Should I break down by term, i.e. $$\frac{5x^3}{(x^2+1)^2}\text{...?}$$ 
 A: Since the degree of the numerator is less than the degree of the denominator, you can immediately apply the method of partial fractions to decompose the integrand: You're looking for numbers $A, B, C, D$ such that,
$$\frac{5x^3 - 3x^2 + 7x - 3}{(x^2 + 1)^2} = \frac{Ax + B}{(x^2 + 1)^2} + \frac{Cx + D}{x^2 + 1}$$
which you can find, for example, by first clearing denominators.

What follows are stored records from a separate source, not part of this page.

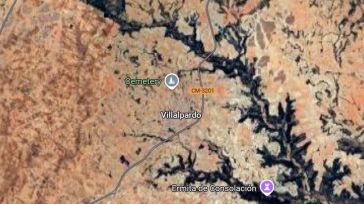 Muere un hombre al volcar el tractor que conducía en Villalpardo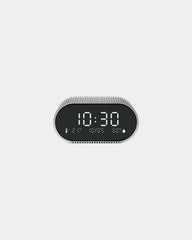 Custom aluminum Lexon Ray Clock with gradual lighting - 17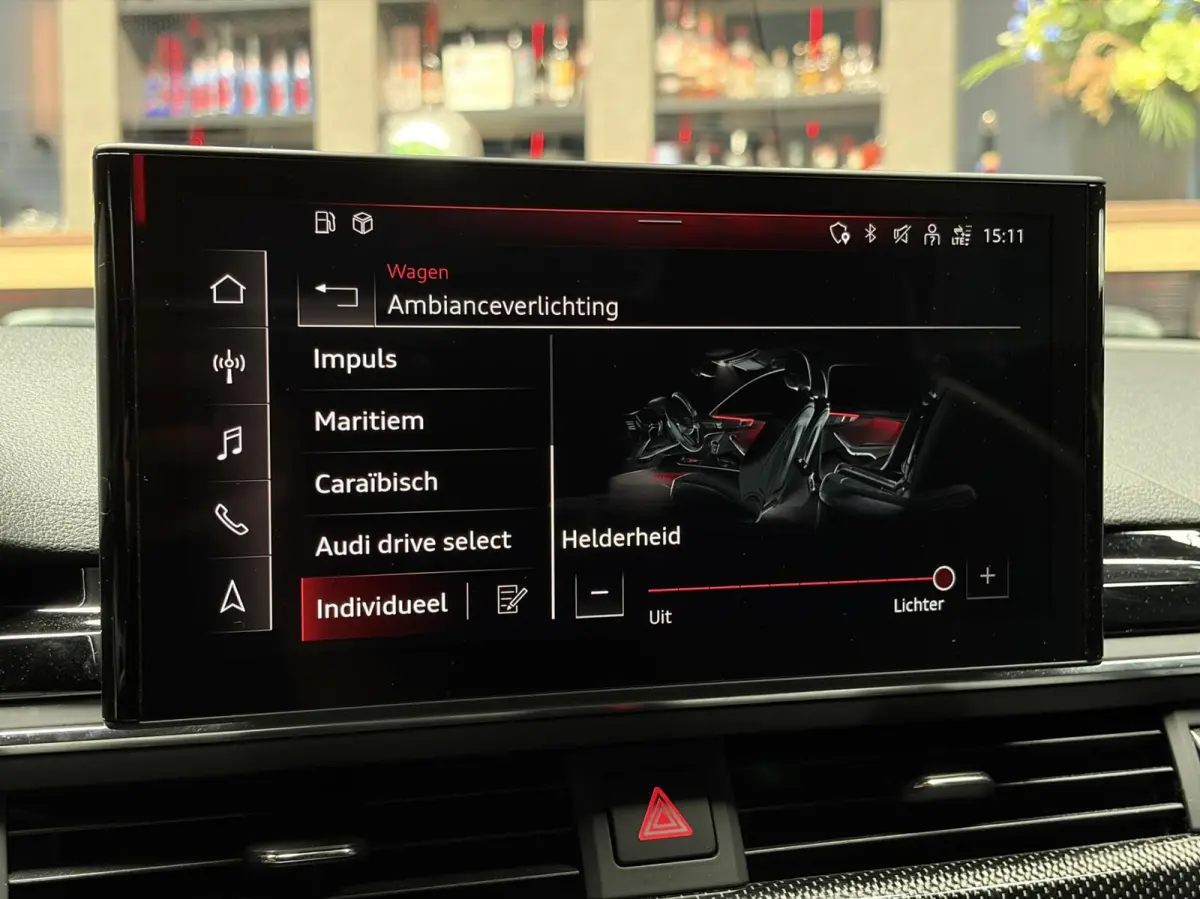 TFSI Quattro Pro Line Plus |HUD|B&O|MEM.|MATRIX|20"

Then, you can deal with each of the pieces separately, each of which is a standard exercise: To handle the terms
$$\frac{Ax}{(x^2 + 1)^2} \qquad \text{and} \qquad \frac{Cx}{x^2 + 1},$$
use a $u$-substitution, and to handle the other two, use a trigonometric substitution.

 The partial fractions decomposition of the rational expression here turns out to be $$\frac{2x}{(x^2 + 1)^2} + \frac{5x-3}{x^2 + 1},$$ so $B = 0$. In particular this means you don't have to evaluate $$\int \frac{dx}{(x^2 + 1)^2},$$ which is easily the most involved of the four integrals.

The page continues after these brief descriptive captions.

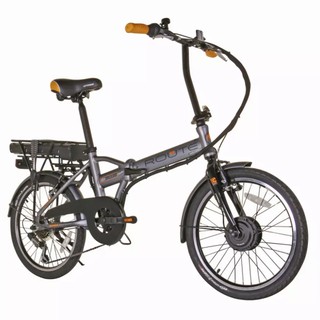 e plus electric folding bike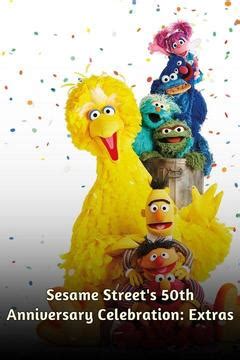 Sesame Street S Th Anniversary Celebration Extras S E Sneak Peek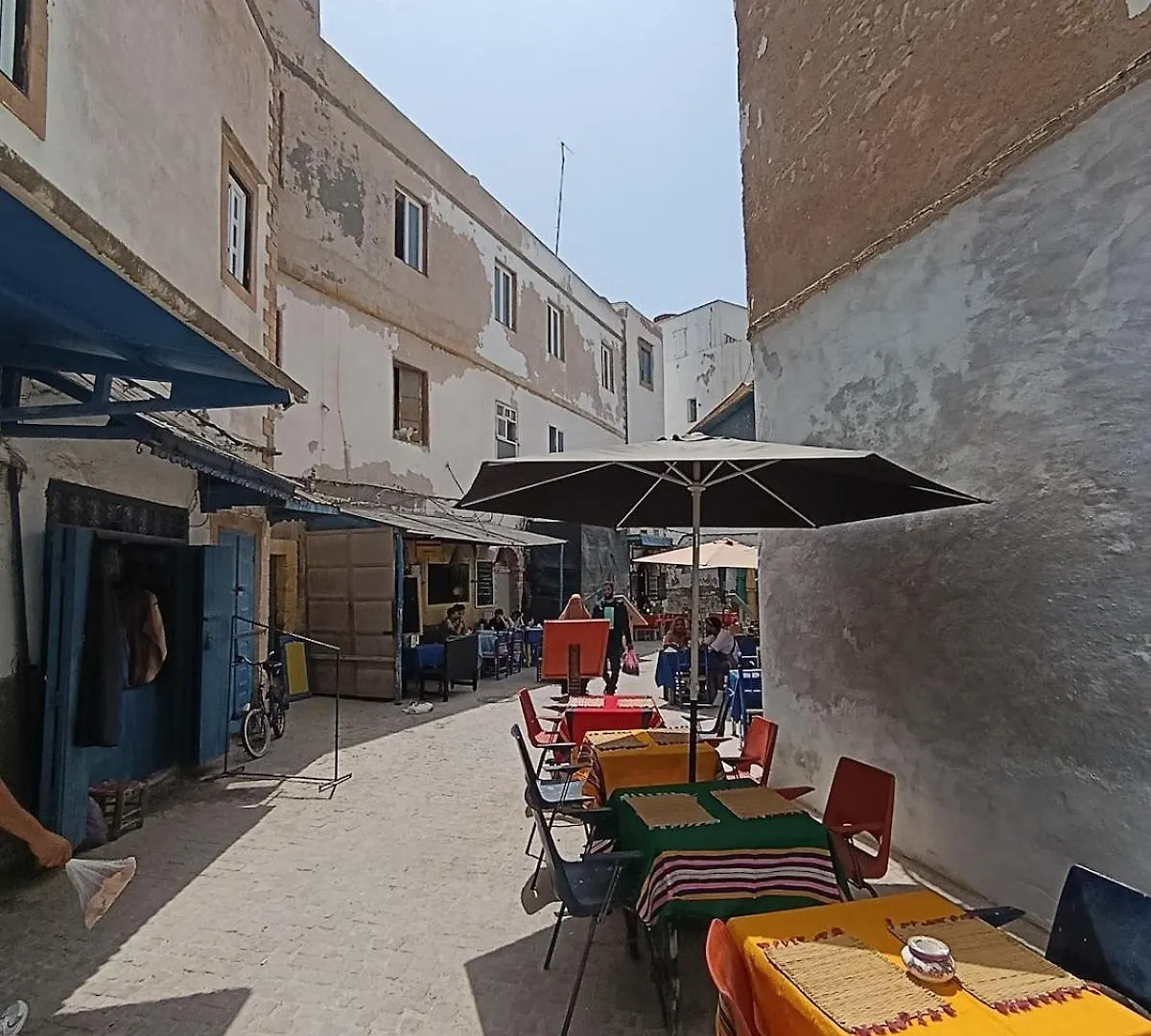 The Heart Of Essaouira Medina Vila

A: Partial fractions are the reasonable thing to do. We could trot out the machinery, but it can be done at a glance.  
Imagine dividing. The $5x^3+7x$ part gives us $\frac{5x}{x^2+1}+\frac{2x}{(x^2+1)^2}$. The rest gives us $-\frac{3}{x^2+1}$.
The integral can now be just written down. If one wants to show detail, for the first two terms we use the substitution $u=x^2+1$.